Qualora il matrimonio incontri ostacoli, i coniugi hanno la possibilità di separarsi, ma solo il divorzio può cancellare gli effetti e provocare lo scioglimento del matrimonio. Nonostante tale separazione le decisioni di maggior interesse relative ai figli continuano comunque a essere prese da entrambi i genitori e gli eventuali obblighi di mantenimento sono a carico del coniuge che ha il reddito più alto. I coniugi separati possono poi decidere di riconciliarsi e di riprendere la vita comune: l’atto esteriore che permette di riprendere il matrimonio, modificando la condizione di separati, è la convivenza.

La separazione può essere consensuale o giudiziale (art. 150), oppure di fatto.

Si parla di separazione di fatto, se i coniugi decidono di provare a vivere separatamente, continuando però a assolvere ai doveri che derivano dal matrimonio e non allontanandosi senza giusta causa dalla residenza familiare (art. 146): viene meno la convivenza (affectio coniugalis), ma permane l’obbligo di coabitazione. Tale separazione di fatto consiste dunque in una modifica del rapporto coniugale attuata, però, senza quel quid plus rappresentato dal provvedimento giudiziale.

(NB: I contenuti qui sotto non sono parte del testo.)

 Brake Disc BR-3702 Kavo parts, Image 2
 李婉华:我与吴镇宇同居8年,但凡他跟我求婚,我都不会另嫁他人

L’art. 158 co. 1, fornendo una definizione in negativo, sembra voler negare che la separazione di fatto abbia effetti sul piano giuridico. Una sentenza della Corte costituzionale, tuttavia, definendo illegittima una disposizione avente ad oggetto la separazione di fatto, dimostra, al contrario, di considerarla giuridicamente rilevante. Dall’analisi di questi due elementi, risulta evidente una contraddizione, che, tuttavia, può essere risolta: la separazione di fatto produce effetti fintanto che le parti coinvolte sono d’accordo su di essi, a prescindere dall’omologazione e rebus sic stantibus.